Concordo com a escolha dos pais de Gabriela: como primeira história na qual acreditar, a de Papai Noel é imbatível -embora ela tenha vários inimigos.
1) Há os que dizem que Papai Noel não passa de um vendedor de shopping center ou de um animador de loja de departamento, inventado para que, nesta época do ano, compremos um monte de futilidades. Penso diferente.
Vi muitas crianças ponderando e escrevendo suas cartas de Natal ou, então, esperando, na fila, para sussurrar seus sonhos no ouvido do próprio Papai Noel. O importante não era que elas conseguissem o que pediam, mas que elas manifestassem suas vontades, tivessem a coragem de querer.

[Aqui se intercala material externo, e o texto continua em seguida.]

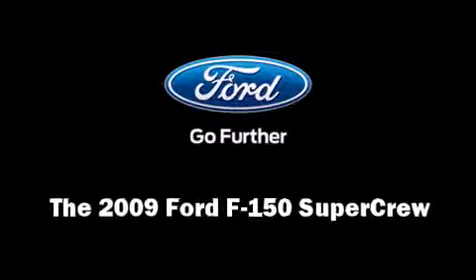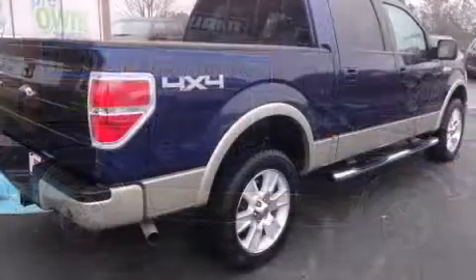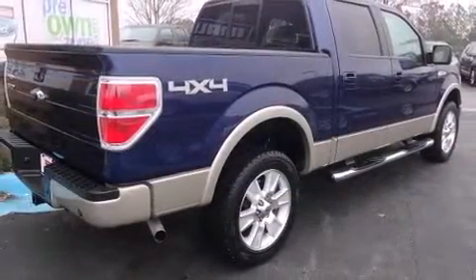Take command of the road in the 2009 Ford F-150 SuperCrew. It features an automatic transmission, four-wheel drive, and a powerful eight-cylinder engine.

No Natal, aliás, o presente é quase supérfluo. Nestes dias, não há como jantar num restaurante sem assistir à entrega das surpresas de um amigo secreto. Cada um desembrulha, finge encantamento e ergue seu presente para a foto: é um troca-troca de objetos sem uso que acabarão no fundo de uma gaveta ou serão passados adiante, quem sabe no Natal do ano que vem.
O presente pode ser qualquer coisa porque, em muitos casos, seu valor é o mesmo dos ursos de pelúcia que abraçamos no sono, ao longo da infância: ele serve como lembrança saudosa de quem nos presenteou e, ao mesmo tempo, substitui o presenteador de maneira que possamos dispensar sua presença.
Só para ilustrar a complexidade de pedidos e presentes, mais um exemplo. Francisco, aos cinco anos, num dia de novembro, quis ditar sua carta ao Papai Noel; ele não queria presente algum naquele ano, preferia que o Papai Noel pensasse nas crianças que não têm nada.
Francisco selou e mandou seu pedido, com grande contentamento dos pais, orgulhosos da generosidade do filhinho. Poucos dias mais tarde, Francisco estava sendo impossível, explosivo, levado. A mãe: "Se Papai Noel souber como você se comporta, ele não trará nada para você". Francisco, feliz e sardônico: "Eu não pedi nada neste ano".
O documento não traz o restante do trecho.